Surely no one would deny the first truth that suffering exists: there is the obvious physical suffering of sickness, infirmity, and death, and there are the more subtle torments of endless dissatisfaction arising from a futile quest for lasting pleasure. Suffering has myriad forms, but, according to Buddha’s teaching, all suffering has the same root cause. The root cause of all suffering is our self-cherishing mind, which arises from our self-grasping, our deluded notion that we – and all other phenomena – exist inherently. But what is inherent existence? The term means that phenomena exist in their own right, independent of our perception, conceptualization, and categorization.

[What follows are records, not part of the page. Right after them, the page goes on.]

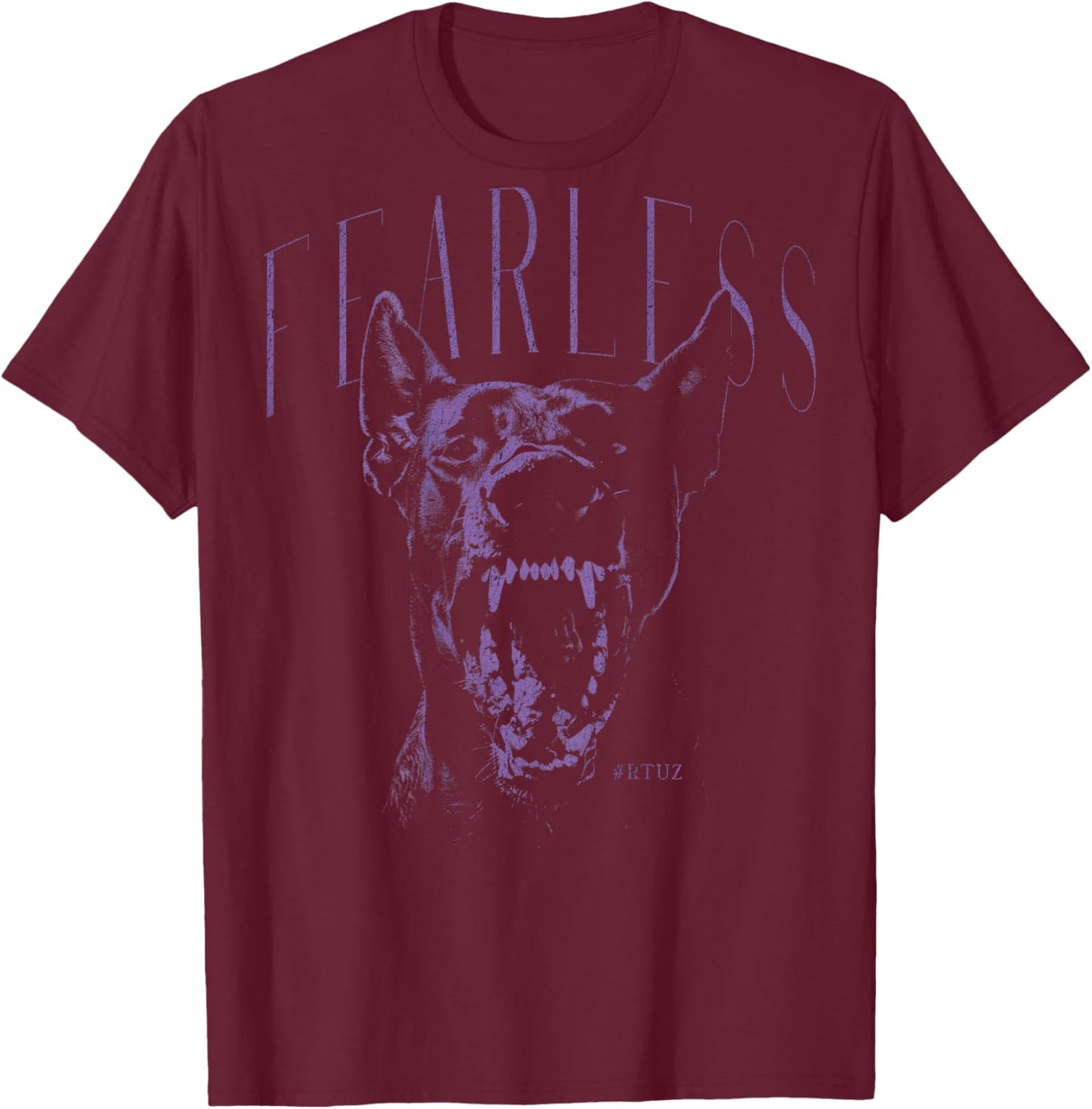 Backprint Streetwear Mode Fashion Damen Herren Hund Doberman T-Shirt - T-Shirt | Maroon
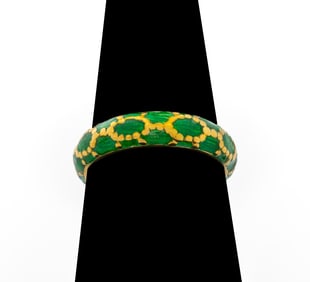 Tiffany 18K Yellow Gold Green Enamel Ring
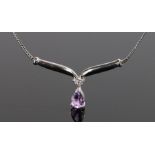 9 carat white gold and amethyst set necklace, with an amethyst drop and three diamonds above, 42cm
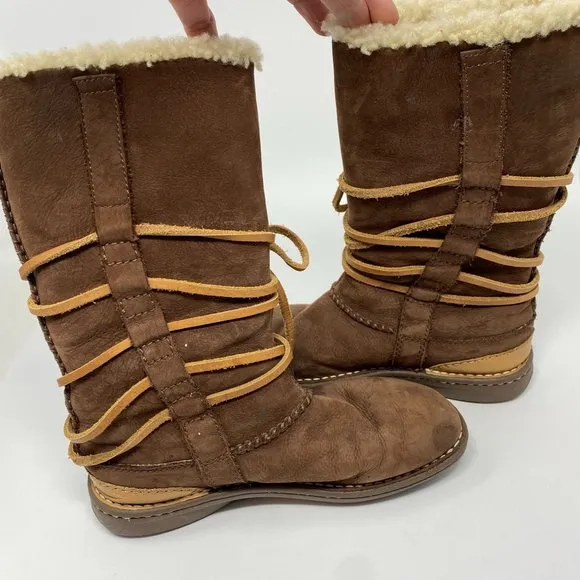 UGG Australia Catalina 1634 Brown Leather Sheepskin Winter Lace Up Boots Womens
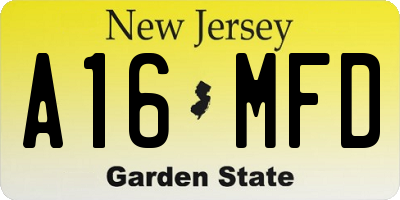NJ license plate A16MFD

If we believe in inherent existence, we believe that every phenomenon has some unalterable, unchanging essence. Mistaken though this belief in inherent existence is, it is a belief to which we have clung since beginningless time. The belief makes us feel separate from other sentient beings and leads us to act without compassion and wisdom to protect what we think of as our inherently existing selves. Self-grasping gives rise to egocentricity and selfishness. The belief in inherent existence is fundamental ignorance; it is the root delusion from which all our negative emotions arise.
But surely, we might argue, it is quite obvious that phenomena are real. And Buddhism might say, yes, they are, but not in the way we typically think of the realness of things.
The teachings of the Madhyamaka school of Tibetan Buddhism, which I espouse, are not solipsistic: they do not say that phenomena have no existence. Rather, the teachings exist as dependent-arising phenomena. This means they arise from causes, conditions, concepts.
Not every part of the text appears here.